---- Records to process

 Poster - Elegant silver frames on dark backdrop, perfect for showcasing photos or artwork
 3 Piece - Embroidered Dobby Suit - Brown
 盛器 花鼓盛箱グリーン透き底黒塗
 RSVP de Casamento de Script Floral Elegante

--------
---- Records to process

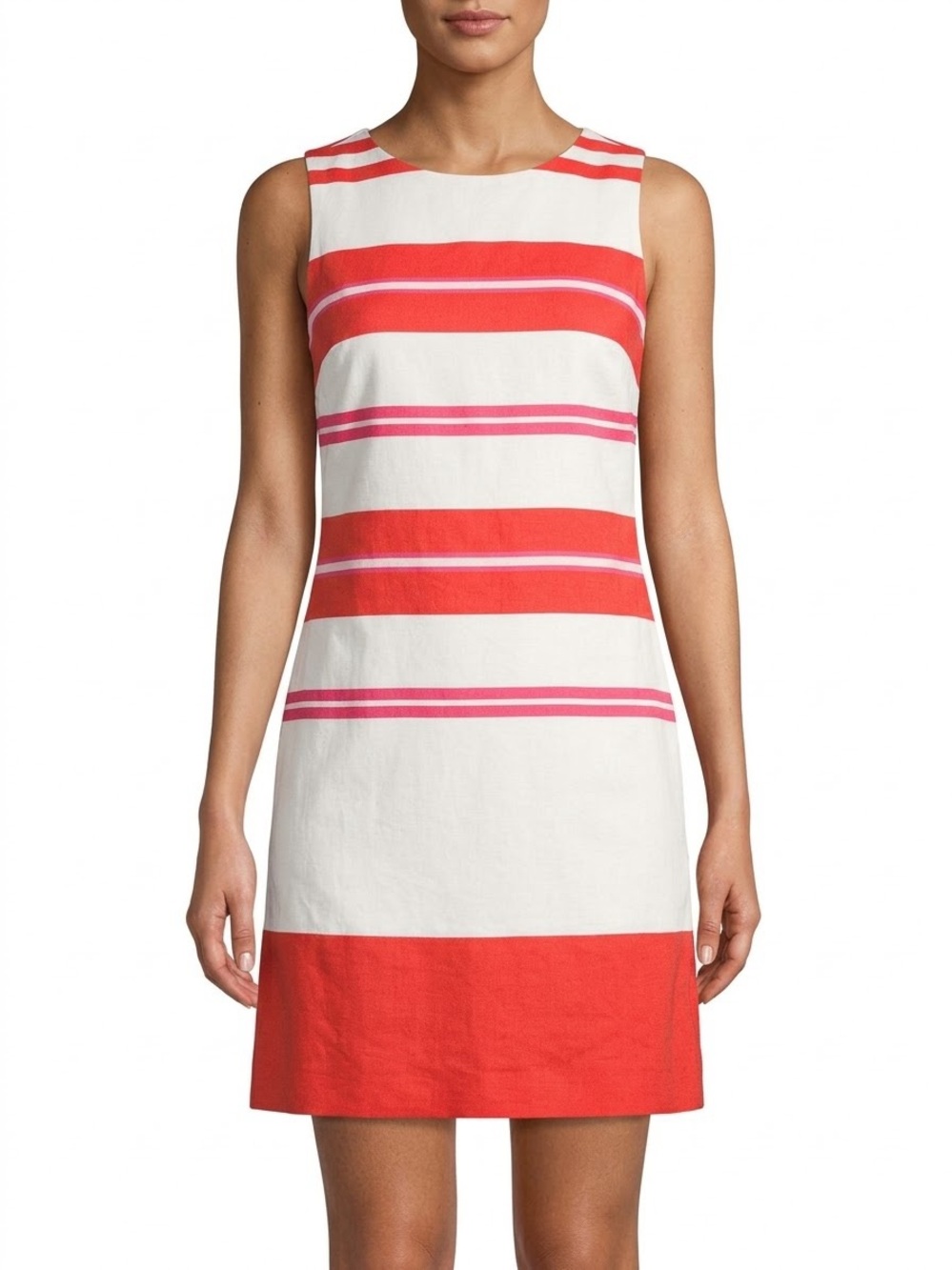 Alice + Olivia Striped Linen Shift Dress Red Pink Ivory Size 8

--------

◆ What you have to do ◆
All that is wanted is a faithful reproduction of the line above with "盛器 花鼓盛箱グリーン透き底黒塗", the line with "RSVP de Casamento de Script Floral Elegante", and every line in between.

◆ Result ◆
 盛器 花鼓盛箱グリーン透き底黒塗
 RSVP de Casamento de Script Floral Elegante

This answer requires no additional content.